Roto-Rooter residential revenue dips; CEO points to Google, private equity
The company has experienced a volatile past seven quarters, with CEO Kevin McNamara attributing the trend to private-equity consolidation and Google changes
Image: Roto-Rooter
“People are going to say, ‘Is there something significantly wrong with Roto-Rooter?” said Kevin McNamara, CEO of Chemed Corporation — Roto-Rooter’s parent company — on an earnings call Thursday.
Then, he answered his own question: “‘No, they’re going through a difficult period. They’re paying for leads that they used to get for free.’ If you want a one sentence capsule commentary.”
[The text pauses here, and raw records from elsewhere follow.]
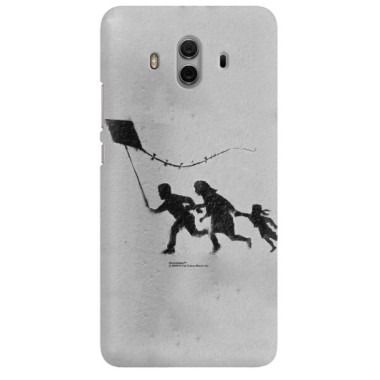 ETUI NA TELEFON HUAWEI MATE 10 ALP-L09 BANKSY WZÓR BK168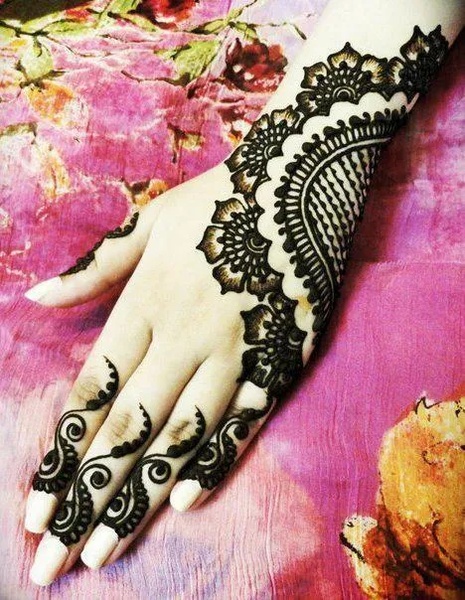Mehandi Designs - Preview 4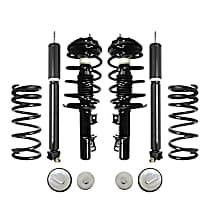 4-61690c-KIT Coil Spring Conversion Kit - Direct Fit, Kit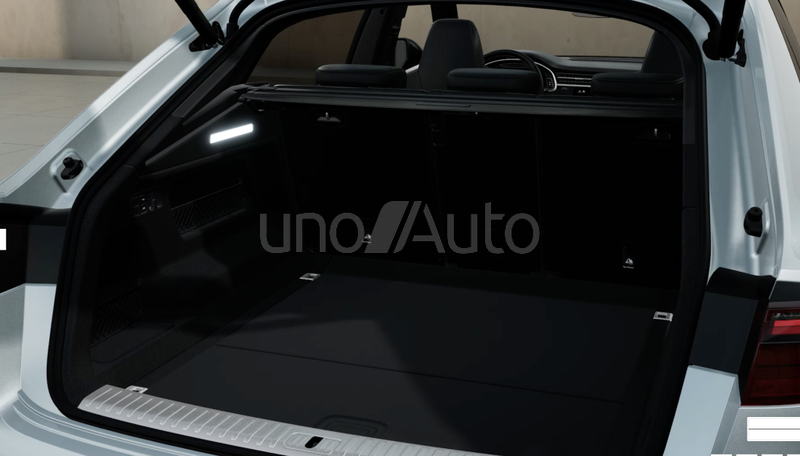 Q8 50 TDI Black line quattro tiptronic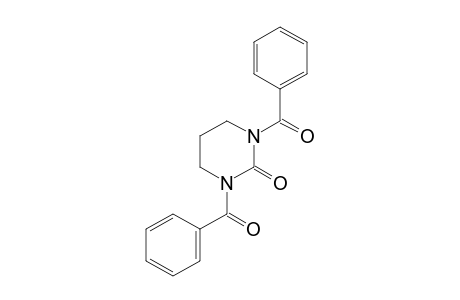 1,3-dibenzoyltetrahydro-2-(1H)-pyrimidinone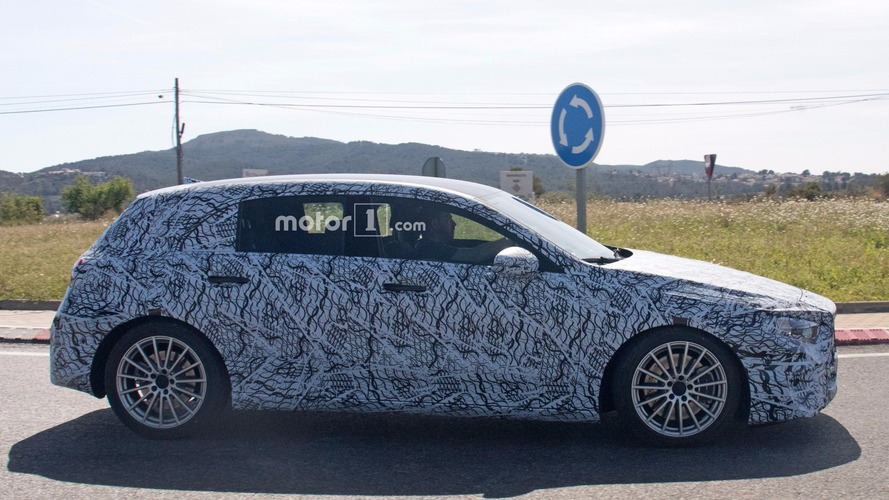 Mercedes-AMG A 40 2018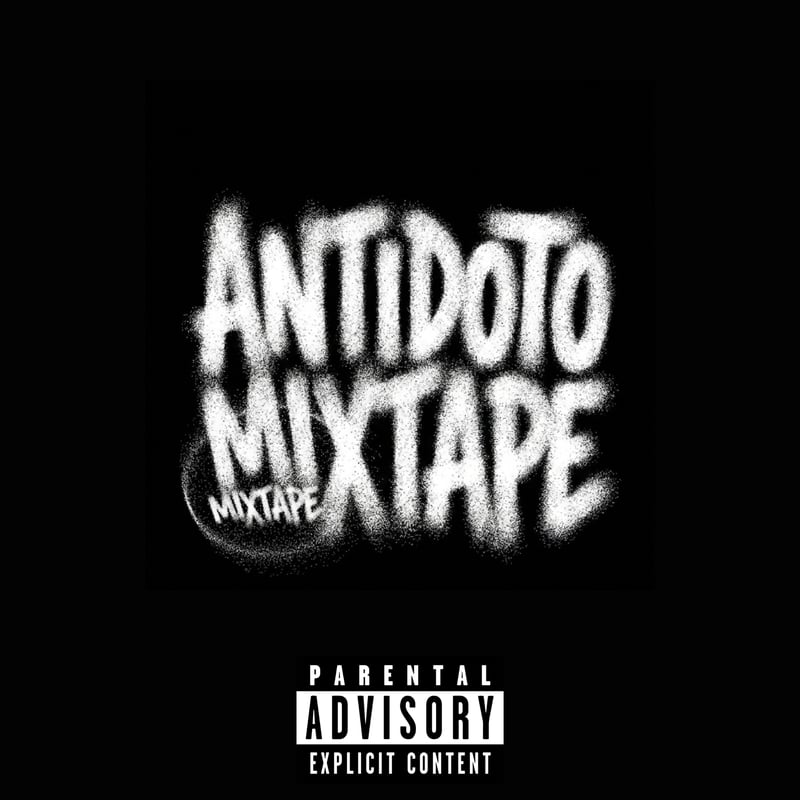 Antidoto Mixtape - Monfrère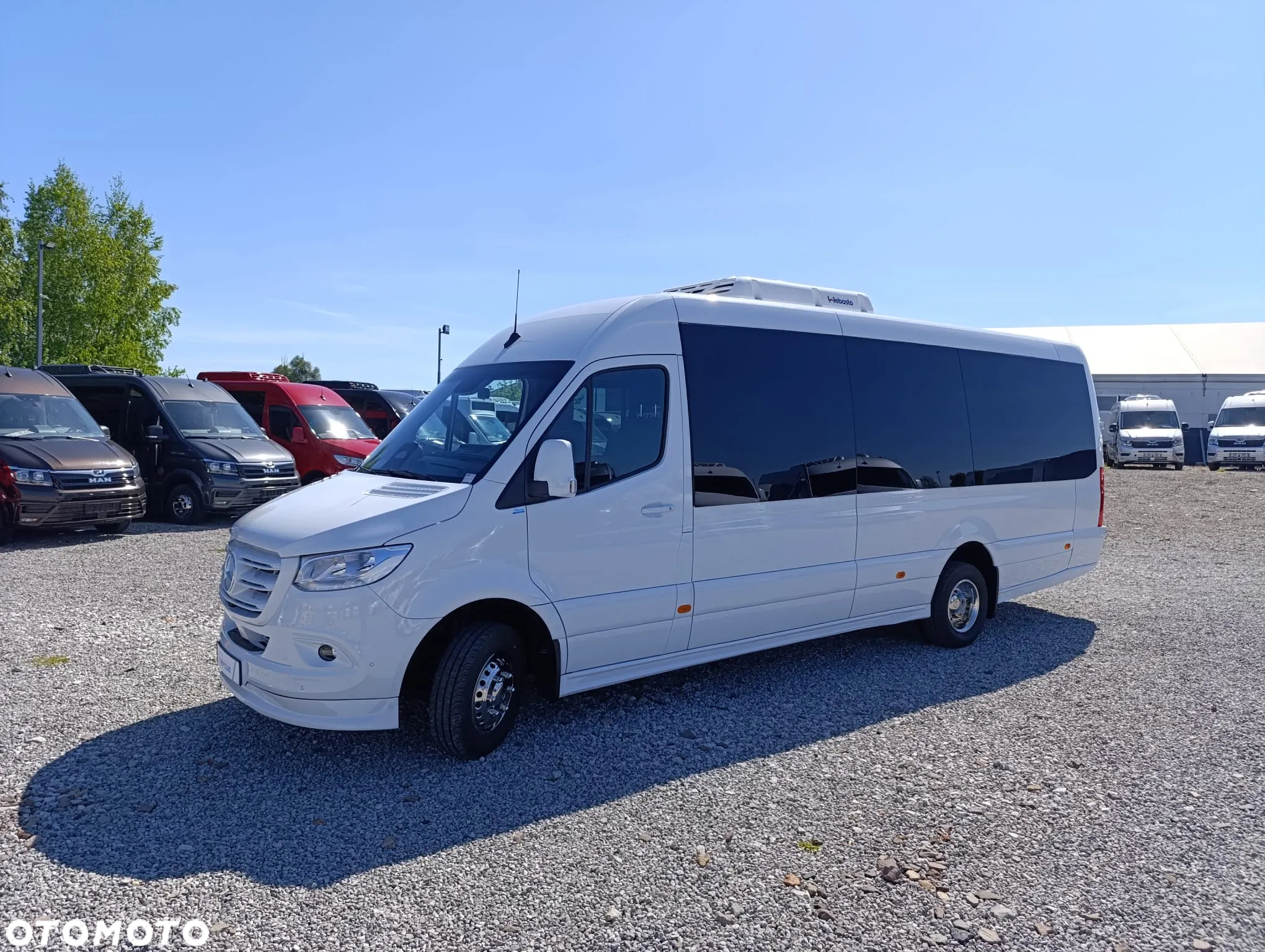 Mercedes-Benz Sprinter 519 - 11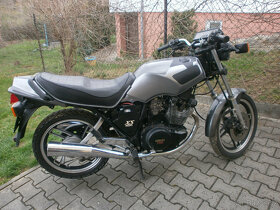 Yamaha XS 400 - 2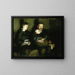 Waiting for the Doctor - Robert Lee MacCameron — framed artwork on a wall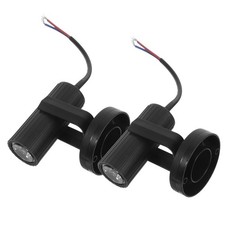  2 faretti da palco a LED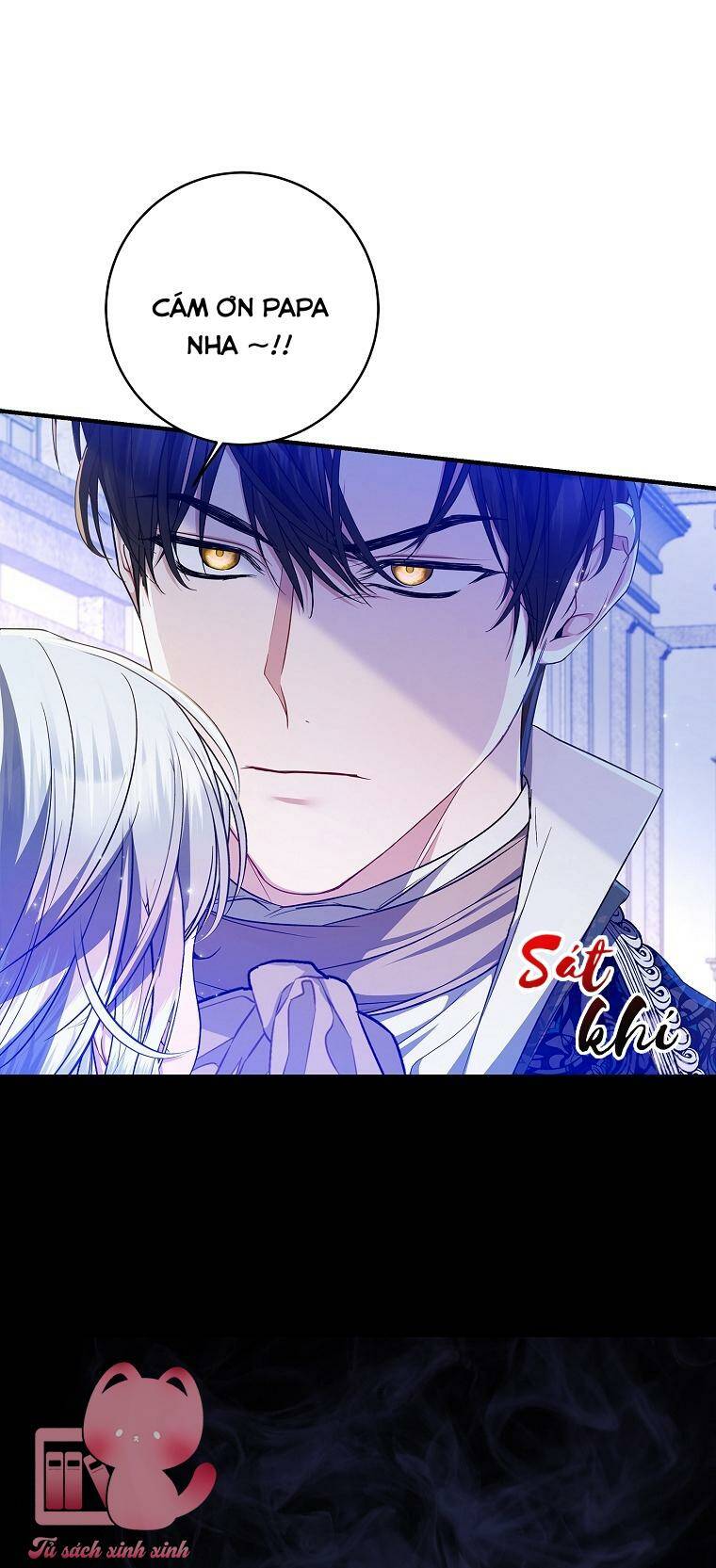 Nhận Nuôi Người Cha Phản Diện: Chapter 37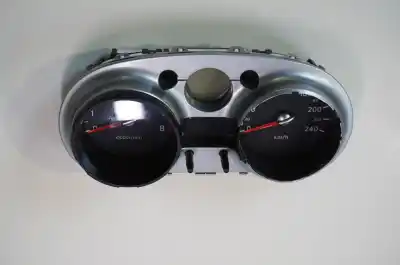 Автозапчасти б/у приборная доска за nissan qashqai / qashqai +2 i (j10, nj10, jj10e) 2.0 a las 4 ruedas ссылки oem iam jd07b17b0m9a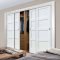 Amazing Sliding Door Wardrobe Design Ideas 50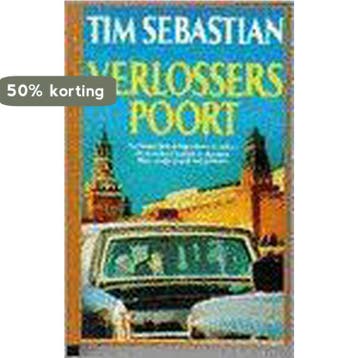 Verlosserspoort 9789026971792 Tim Sebastian, Verzenden, Gelezen, Tim Sebastian
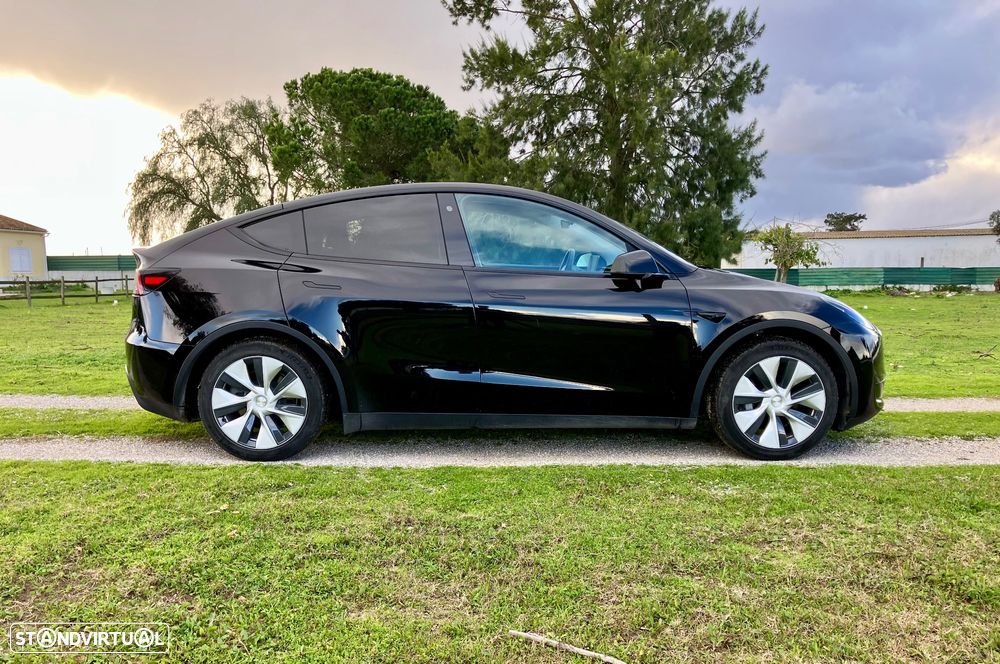 Tesla Model Y Tração Traseira - 6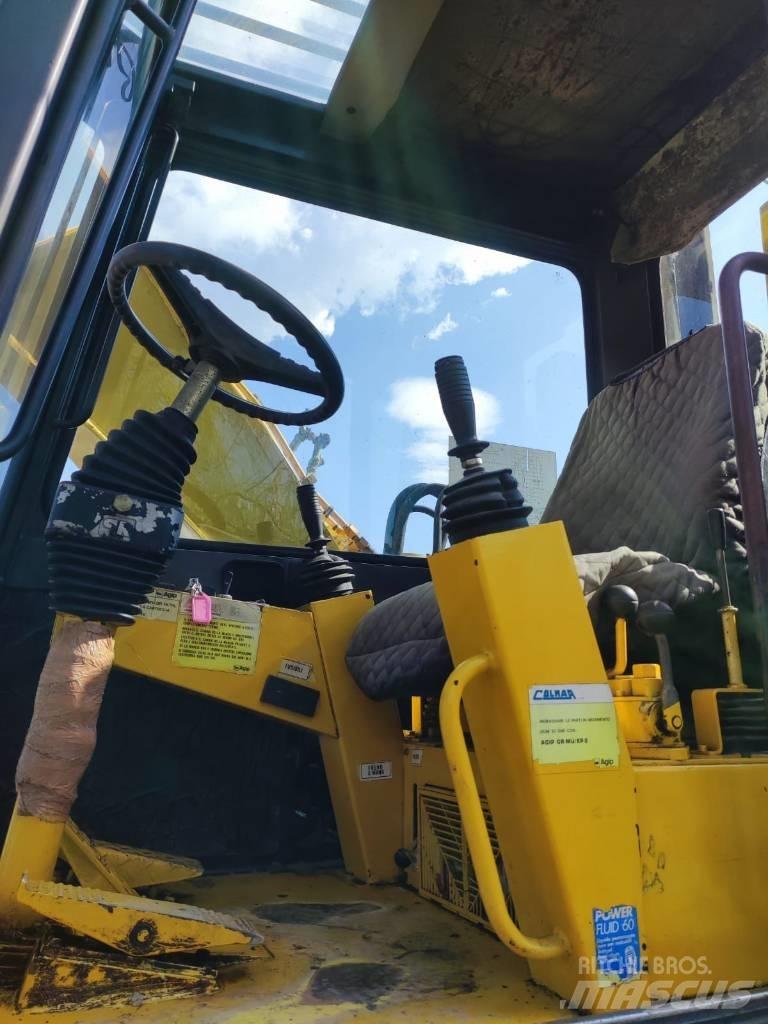 Colmar CL160 Βιομηχανικά μηχανήματα διαχείρισης αποβλήτων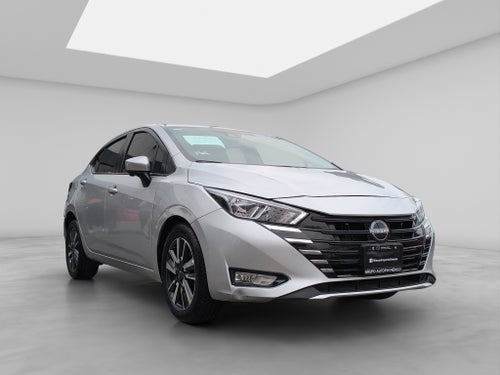 2024 Nissan Versa 1.6 Advance At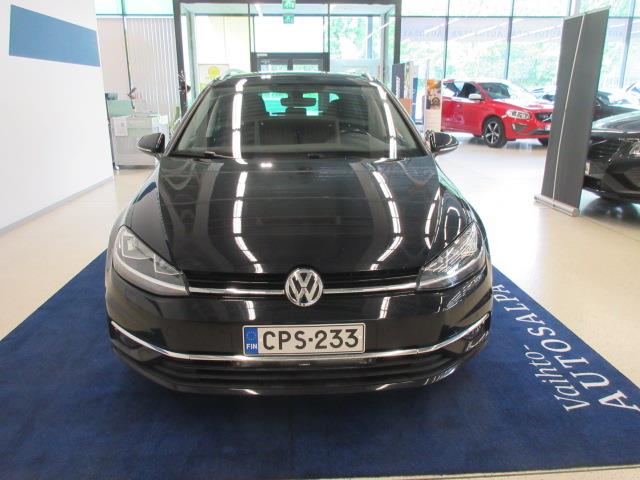 VOLKSWAGEN Golf 2017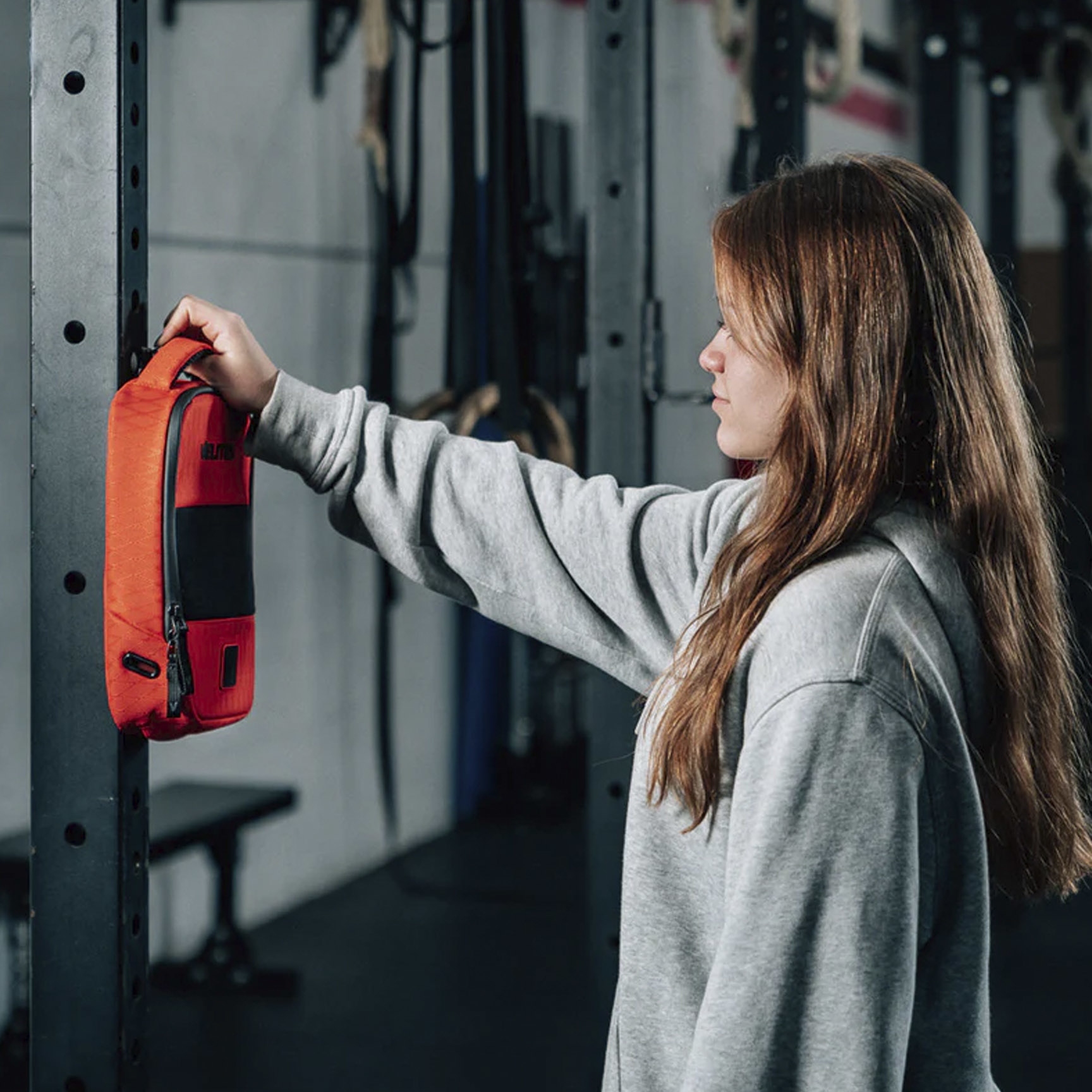 VELITES STORM WODBAG VELWODBAG-MAGMA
What’s happening: Roto-Rooter’s residential, company-owned branch revenue declined by 3.1 percent year-over-year in the fourth quarter of 2025, the company reported last week.
- The change, CFO Michael Witzeman noted, consisted of plumbing growing by 6.3 percent, excavation essentially flat, water restoration falling 10.3 percent, and drain cleaning dipping 3.2 percent.
- “Roto-Rooter’s fourth quarter 2025 gross margin was 49.8%,” a news release added. “This compares to the prior year quarter’s gross margin of 51.3%.”
The big picture: The company has experienced a volatile past seven quarters, with McNamara attributing the trend to private-equity consolidation and Google changes.
What they’re saying: The “introduction of private equity money and practices into our sector had an immediate effect on us,” he said. “The biggest impact, aside from just existing and offering services at below cost on the plumbing side, [is that] they have disrupted the paid search model.”
- “They’re basically HVAC companies that said, ‘We’re very happy with paying $124 per lead,’ for a job that they’ll say they’ll clean any drain for $90,” he added. “And the reason they’re happy doing that is because… that becomes a long-term customer for their HVAC services.”
- Yes, but: “I consider the threat of private equity largely diminished at this point,” he noted, explaining that Roto-Rooter’s cost-per-lead has normalized over the past three quarters.
Zoom in: “In October of 2024, Roto-Rooter was showing up on [Google Maps] nationwide 72 percent of the time,” McNamara said. “Within a few months, that fell to a low of 24 percent. Massive change in visibility… leads were falling, sales were falling. Tough time for Roto-Rooter.”
- Through AI-assisted SEO efforts, however, map visibility has recovered to about 35 percent.
- The company now pays roughly $90 per lead, and with 1.5 to 2 leads needed per paying job, he added, customer acquisition costs run between $150 and $180. About 60 to 65 percent of total leads are now paid.
What we’re watching: “2026 is expected to be a transition year,” McNamara said, leading to modest growth, primarily during the second half of the year.
- Witzeman specified that the company expects full-year revenue to grow between three and 3.5 percent year-over-year.
- “We believe this forecast is achievable based on anticipated improved lead volume in 2026, improved billing and collections in our water restoration service line, and a lift in our commercial business through a commercial-focused sales force,” he explained.